**TASK INSTRUCTIONS**. Scan each line of the entries below for the word "Home" and count the ones where it appears. The answer is that number alone.

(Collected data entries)

---+---

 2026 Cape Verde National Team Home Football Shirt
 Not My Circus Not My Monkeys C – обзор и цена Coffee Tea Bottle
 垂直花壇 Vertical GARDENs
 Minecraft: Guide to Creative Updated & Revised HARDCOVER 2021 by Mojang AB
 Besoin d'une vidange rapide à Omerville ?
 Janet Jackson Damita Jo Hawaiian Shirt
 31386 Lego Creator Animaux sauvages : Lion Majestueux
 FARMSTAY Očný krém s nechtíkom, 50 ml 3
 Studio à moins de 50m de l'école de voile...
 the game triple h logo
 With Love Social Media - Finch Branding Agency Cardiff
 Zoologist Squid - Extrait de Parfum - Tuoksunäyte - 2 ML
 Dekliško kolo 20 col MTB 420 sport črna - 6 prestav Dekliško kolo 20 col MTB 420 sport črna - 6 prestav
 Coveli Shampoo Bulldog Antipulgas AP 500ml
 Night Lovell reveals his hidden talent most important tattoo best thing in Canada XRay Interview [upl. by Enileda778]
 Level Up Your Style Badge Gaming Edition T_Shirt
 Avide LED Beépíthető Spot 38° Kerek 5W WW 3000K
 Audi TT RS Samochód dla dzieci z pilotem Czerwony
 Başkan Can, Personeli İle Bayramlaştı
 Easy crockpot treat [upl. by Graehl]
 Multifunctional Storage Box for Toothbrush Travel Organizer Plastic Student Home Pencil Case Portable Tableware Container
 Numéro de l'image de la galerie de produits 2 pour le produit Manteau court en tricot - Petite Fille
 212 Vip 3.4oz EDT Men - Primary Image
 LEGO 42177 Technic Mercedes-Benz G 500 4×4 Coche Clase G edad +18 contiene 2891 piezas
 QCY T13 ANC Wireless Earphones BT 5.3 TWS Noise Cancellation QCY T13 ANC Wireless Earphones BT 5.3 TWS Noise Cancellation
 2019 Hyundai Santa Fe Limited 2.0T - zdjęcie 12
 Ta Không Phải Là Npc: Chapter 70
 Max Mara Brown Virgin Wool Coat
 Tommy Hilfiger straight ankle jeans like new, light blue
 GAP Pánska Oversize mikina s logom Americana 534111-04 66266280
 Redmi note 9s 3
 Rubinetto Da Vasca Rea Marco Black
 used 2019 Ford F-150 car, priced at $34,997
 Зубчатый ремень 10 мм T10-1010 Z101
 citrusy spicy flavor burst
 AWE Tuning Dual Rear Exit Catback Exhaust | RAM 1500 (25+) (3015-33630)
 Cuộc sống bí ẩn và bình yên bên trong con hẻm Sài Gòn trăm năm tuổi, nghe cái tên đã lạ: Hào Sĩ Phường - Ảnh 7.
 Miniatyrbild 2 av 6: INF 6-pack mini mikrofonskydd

---+---

**ANSWER BOX**. 2